Art is the process of breaking down the boundaries of form and opening the doors to sensation.
BHANG Youngmoon's Solo Exhibition
@ 1019 Gallery&Lounge in Song-do, Incheon, S. Korea.
JAN 4 to 15, 2025
In her book <Against Interpretation>, Susan Sontag proposed a pivotal artistic attitude: to shift the way we experience art toward the sensory. I took this approach for my exhibition and it's deeply resonates with Olivier Messiaen's chromesthetic worldview. Messiaen viewed sound and color as part of an integrated system, believing that specific scales and colors could evoke equivalent sensory experiences.
This exhibition reinterprets Messiaen's philosophy of sensory integration in another context, creating a new artistic language that transcends the boundaries of sight and sound. Inspired by Messiaen's "limited transposition modes," the work focuses on the first mode and its transpositions a semitone higher, visually embodying the vibrant hues of a "sunburst" and the violet tones of the sky just after sunset.
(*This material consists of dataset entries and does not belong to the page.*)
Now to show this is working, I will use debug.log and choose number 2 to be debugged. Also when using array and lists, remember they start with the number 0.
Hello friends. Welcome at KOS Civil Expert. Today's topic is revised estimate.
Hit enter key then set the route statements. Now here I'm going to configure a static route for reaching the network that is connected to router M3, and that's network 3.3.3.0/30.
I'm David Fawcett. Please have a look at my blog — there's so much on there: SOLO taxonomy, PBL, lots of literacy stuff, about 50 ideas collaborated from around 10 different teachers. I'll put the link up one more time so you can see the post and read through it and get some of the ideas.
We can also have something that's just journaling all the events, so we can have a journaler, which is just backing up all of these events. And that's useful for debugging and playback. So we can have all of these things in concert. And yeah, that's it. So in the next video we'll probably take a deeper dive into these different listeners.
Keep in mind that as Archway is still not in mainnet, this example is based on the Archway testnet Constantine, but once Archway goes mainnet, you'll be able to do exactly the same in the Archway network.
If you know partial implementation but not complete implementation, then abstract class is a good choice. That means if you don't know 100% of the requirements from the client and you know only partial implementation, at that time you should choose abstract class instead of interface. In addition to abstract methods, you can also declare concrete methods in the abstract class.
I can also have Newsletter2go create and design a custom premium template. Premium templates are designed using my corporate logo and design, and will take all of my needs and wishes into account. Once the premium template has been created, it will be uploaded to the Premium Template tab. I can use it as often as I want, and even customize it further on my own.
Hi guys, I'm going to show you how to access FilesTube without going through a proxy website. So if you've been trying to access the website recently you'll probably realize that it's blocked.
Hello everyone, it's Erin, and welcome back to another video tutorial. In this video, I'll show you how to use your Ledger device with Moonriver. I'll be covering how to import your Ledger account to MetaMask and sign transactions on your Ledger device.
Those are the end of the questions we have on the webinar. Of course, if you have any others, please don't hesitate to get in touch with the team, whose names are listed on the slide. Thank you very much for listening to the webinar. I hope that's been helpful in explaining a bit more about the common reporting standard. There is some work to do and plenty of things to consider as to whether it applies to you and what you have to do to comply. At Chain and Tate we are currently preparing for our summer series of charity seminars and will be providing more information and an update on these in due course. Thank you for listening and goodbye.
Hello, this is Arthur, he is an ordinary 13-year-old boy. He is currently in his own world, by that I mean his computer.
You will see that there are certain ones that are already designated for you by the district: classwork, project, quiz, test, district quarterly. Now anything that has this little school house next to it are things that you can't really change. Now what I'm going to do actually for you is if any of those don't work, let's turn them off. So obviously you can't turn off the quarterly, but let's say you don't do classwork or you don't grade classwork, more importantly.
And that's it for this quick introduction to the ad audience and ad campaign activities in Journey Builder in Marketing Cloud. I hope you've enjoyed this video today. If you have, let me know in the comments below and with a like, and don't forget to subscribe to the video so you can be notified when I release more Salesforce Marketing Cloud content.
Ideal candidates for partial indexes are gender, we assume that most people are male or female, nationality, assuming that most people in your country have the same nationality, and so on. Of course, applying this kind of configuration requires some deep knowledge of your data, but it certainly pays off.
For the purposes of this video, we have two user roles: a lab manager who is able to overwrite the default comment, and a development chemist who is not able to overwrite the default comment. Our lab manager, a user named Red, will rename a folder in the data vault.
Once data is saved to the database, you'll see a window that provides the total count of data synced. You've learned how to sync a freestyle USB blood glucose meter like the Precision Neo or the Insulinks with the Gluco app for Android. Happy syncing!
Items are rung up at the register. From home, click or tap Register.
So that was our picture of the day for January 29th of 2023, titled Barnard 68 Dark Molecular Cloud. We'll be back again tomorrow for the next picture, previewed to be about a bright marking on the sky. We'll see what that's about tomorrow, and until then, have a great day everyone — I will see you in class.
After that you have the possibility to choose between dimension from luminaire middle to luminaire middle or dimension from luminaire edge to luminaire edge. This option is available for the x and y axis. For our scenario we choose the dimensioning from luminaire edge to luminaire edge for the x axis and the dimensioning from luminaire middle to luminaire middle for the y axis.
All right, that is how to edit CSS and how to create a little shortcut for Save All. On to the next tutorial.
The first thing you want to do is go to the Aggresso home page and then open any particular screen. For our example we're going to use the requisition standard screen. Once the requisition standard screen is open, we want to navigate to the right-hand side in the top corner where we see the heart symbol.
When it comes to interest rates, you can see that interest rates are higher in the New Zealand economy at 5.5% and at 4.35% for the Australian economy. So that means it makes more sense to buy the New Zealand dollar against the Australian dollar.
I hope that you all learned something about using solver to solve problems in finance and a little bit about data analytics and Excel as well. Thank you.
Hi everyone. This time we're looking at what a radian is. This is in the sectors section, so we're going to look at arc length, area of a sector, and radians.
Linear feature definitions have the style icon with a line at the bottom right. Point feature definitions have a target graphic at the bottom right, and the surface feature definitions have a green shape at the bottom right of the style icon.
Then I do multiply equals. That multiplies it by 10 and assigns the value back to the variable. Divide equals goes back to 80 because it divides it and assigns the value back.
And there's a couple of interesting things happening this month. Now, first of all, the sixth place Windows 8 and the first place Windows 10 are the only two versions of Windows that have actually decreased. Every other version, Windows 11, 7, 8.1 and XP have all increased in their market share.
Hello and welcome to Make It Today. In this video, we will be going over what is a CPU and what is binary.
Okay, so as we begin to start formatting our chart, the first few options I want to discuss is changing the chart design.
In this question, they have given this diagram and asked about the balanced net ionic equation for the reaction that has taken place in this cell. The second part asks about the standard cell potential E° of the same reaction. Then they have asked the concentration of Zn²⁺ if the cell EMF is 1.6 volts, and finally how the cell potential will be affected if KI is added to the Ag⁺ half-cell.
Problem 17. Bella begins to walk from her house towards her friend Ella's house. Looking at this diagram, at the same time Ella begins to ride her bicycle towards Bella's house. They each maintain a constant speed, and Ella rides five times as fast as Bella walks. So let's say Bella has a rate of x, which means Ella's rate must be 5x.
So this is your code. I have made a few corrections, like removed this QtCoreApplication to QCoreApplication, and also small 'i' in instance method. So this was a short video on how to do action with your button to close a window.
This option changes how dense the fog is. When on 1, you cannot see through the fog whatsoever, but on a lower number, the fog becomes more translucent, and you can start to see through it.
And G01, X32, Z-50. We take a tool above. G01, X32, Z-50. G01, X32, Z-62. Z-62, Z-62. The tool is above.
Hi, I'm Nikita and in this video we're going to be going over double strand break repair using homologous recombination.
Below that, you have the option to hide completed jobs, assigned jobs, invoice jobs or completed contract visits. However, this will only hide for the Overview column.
It aims to allow the viewer to experience the visually perceived as audibly tangible.
By capturing the rhythms of nature and adopting Messiaen's musical structures, the work explores new interactions between sight and sound, seeking methods for multi-sensory experiences. I want to reconstruct Messiaen's musical colors to portray the serene, transcendent moments of a sunset, enabling the audience to move beyond merely "seeing" the sunset of the West Coast of Korean Peninsula (Incheon area) to an immersive experience of "hearing and feeling" it. This creates the space (in this case, the exhibition place but it can be the inner world of people) for appreciating <OVER THERE>.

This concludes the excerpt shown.